How Omicron Has Impacted NYC Restaurants

Photo: Angela Weiss/AFP via Getty Images

On December 3, the chef Calvin Eng opened the Cantonese American restaurant Bonnie’s in Williamsburg. After years spent working at restaurants including Nom Wah Nolita and Win Son, he finally had a place of his own — and it proved to be immediately popular. Then, two hours before service on December 17, Eng decided to shut down his dining room and go takeout only.

“Business was great for those first two weeks, but we decided to pivot as a team,” he explains. “It didn’t seem like a smart or safe thing to put our staff or customers through.”
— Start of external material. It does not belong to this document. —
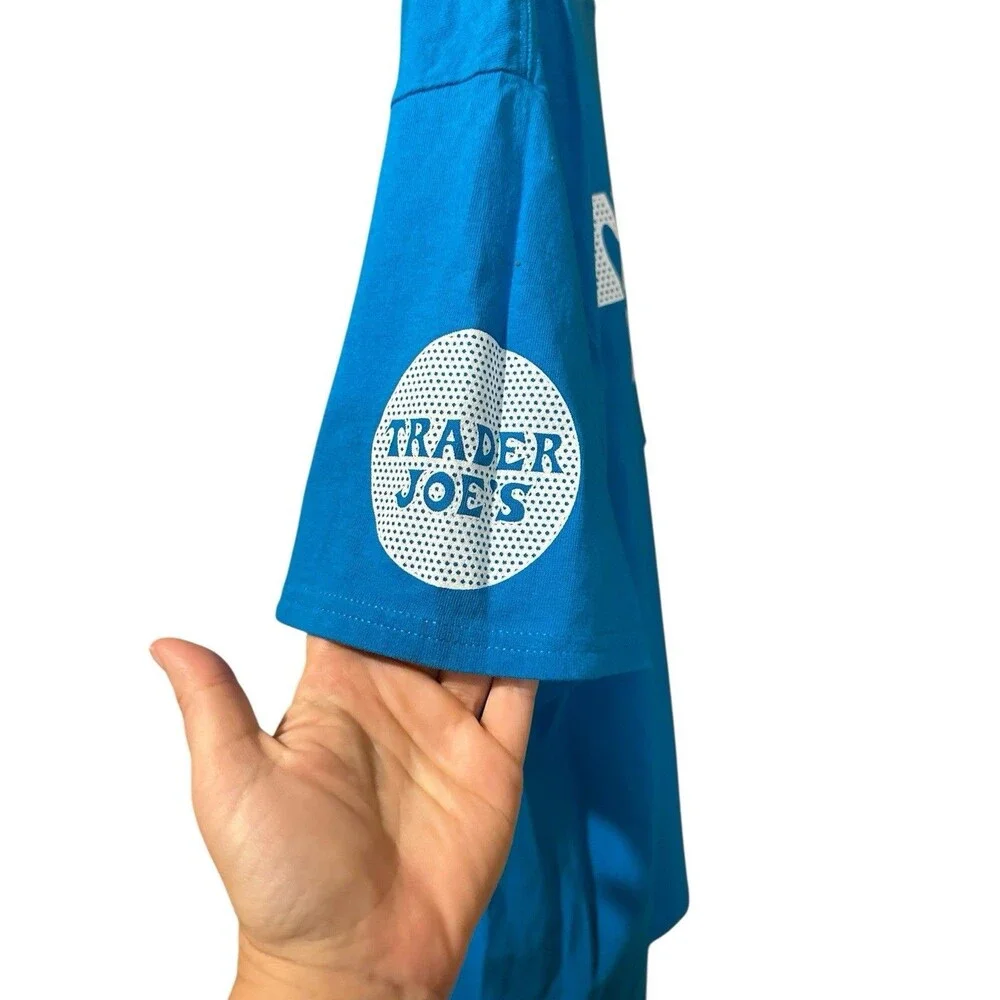 Trader Joes T-shirt L torquoise blue grocery store employee crew market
It’s now been a month since Omicron arrived in New York, slamming the restaurant industry with a wave of positive cases and anxiety over how to react. Broadly speaking, business had been good, servers and owners told me, in the weeks leading up to mid-December. Then it dipped, as cases rose and potential customers stopped socializing in advance of seeing older or at-risk relatives over the holidays. As of January 7, reservations on OpenTable were down 38 percent from two years ago. A representative for Resy shared that covers were down in New York last week by roughly 20 percent from the Q4 average, though she added the first week of January is “always slow.”

Some restaurant owners have moved quickly to adapt: At his Prospect Heights restaurant Olmsted, for example, Greg Baxtrom will switch to a tasting-menu format after, he wrote on Instagram, struggling “to offer a consistent, delicious, and safe experience during these ridiculous times.” At Bonnie’s, Eng switched things up too, introducing a “McBonnie’s” menu with with a char siu McRib and a filet-o-fish. (The regular menu, he says, didn’t work well in the takeout format.)

Around the city, over the last few weeks, I’d heard mixed reports about business. Wu’s Wonton King owner Derek Wu says that business is down 40 percent over the last month. “Definitely a ghost town in the Lower East Side,” Matthew, a bartender who works in the neighborhood, texted. But a server said that her restaurant in the same area was doing okay: “Young people restaurants,” this server said, were doing fine.

But that’s not the case everywhere. One Brooklyn server, who asked to remain anonymous, told Grub Street in December that he had nights with only a few tables at the restaurant where he works, and that if this persisted, he would have to move back home. He went from making $757 before taxes the week of December 12 to $576 the following week. The week of Christmas, when he only worked a couple shifts, he made $110. When January 1 came around, he wasn’t able to pay his full rent.

When I popped into the Fly at the beginning of this week, it was the emptiest I’d ever seen it. The restaurant is usually packed; on Monday night, there were only a handful of people inside. Then again, it was 12 degrees outside, and it was a Monday in early January, typically an incredibly slow time for any New York restaurant.